To understand Bitcoin transactions, you need to understand elliptic curve cryptography. To understand elliptic curve cryptography, you need to understand finite fields. *Programming Bitcoin*’s first chapter goes through the maths of finite fields and develops a Python implementation.

The maths of addition, subtraction, and multiplication of finite fields is essentially the maths of modular arithmetic. Division is less intuitive and it’s best to think of it simply as the inverse of multiplication. The book gives an extensive explanation, which I won’t repeat here, but I will give a hand-waving summary (mainly to help cement it in my own mind.)

Multiplication is simply standard multiplication mod the field order. For example in F_{5}, 2 x 4 = 8 % 5 = 3.

Division is simply the inverse operations, so 3 ÷ 2 = 4 and 3 ÷ 4 = 2.

A rigorous explanation of how to do finite field division, courtesy of Jimmy Song and Pierre de Fermat, is given in *Programming Bitcoin*.

Now we can see why finite fields must have a prime field order. Where we have a non-prime field order, division is not defined because the products are not unique. We can see the repetition in the rows and columns below.

In F_{6}, 2 x 4 = 8 % 6 = 2. But 2 x 1 = 2 and 5 x 4 = 2 as well.

(2 x 4) ≡ (2 x 1) ≡ (5 x 4)

So 2 ÷ 2 and 2 ÷ 4 don’t have unique answers.

# The Code

The book’s GitHub repo has all the Python source code; mine has the C# version that I’m developing as I work through the book.

The class developed to represent a finite field element has two properties: the value of the element and its field order (i.e. the number of elements in the field). As mentioned in the previous post, I implemented these properties as BigIntegers because I know what’s coming.
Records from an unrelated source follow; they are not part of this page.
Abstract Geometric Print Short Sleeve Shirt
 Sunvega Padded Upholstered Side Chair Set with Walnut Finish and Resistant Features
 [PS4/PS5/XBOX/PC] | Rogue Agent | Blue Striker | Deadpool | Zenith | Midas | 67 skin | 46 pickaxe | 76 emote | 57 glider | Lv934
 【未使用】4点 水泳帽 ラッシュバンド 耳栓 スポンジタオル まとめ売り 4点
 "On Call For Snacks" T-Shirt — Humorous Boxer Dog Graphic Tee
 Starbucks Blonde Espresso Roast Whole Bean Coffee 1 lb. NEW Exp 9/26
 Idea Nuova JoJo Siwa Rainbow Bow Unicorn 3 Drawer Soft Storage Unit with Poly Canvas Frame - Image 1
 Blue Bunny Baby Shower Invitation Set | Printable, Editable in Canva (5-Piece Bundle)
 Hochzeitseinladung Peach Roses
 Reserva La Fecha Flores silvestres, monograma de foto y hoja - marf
public BigInteger Value { get; } public BigInteger Order { get; }

If you grab a copy of the code you can see that all the rest is implementations of various mathematical operators.

In Python, this is done by defining special operator functions, like __eq__. In C# this is done using overloadable operators.

# Equality

The C# version of the equality operator looks like this:

public static bool operator ==(FiniteFieldElement a, FiniteFieldElement b) { return ((object)a == null && (object)b == null) || (object)a != null && a.Equals(b); }

Note that in C# if the == operator is overloaded, the != operator needs to be as well. They both do similar work, which has been delegated to the Equals method:

public override bool Equals(object obj) { if ((obj == null) || !GetType().Equals(obj.GetType())) { return false; } else { FiniteFieldElement fe = (FiniteFieldElement)obj; return (Value == fe.Value) && (Order == fe.Order); } }

This is a very common way of implementing this method: a null check and a type check and, if that’s all OK, checking that the two properties are the same.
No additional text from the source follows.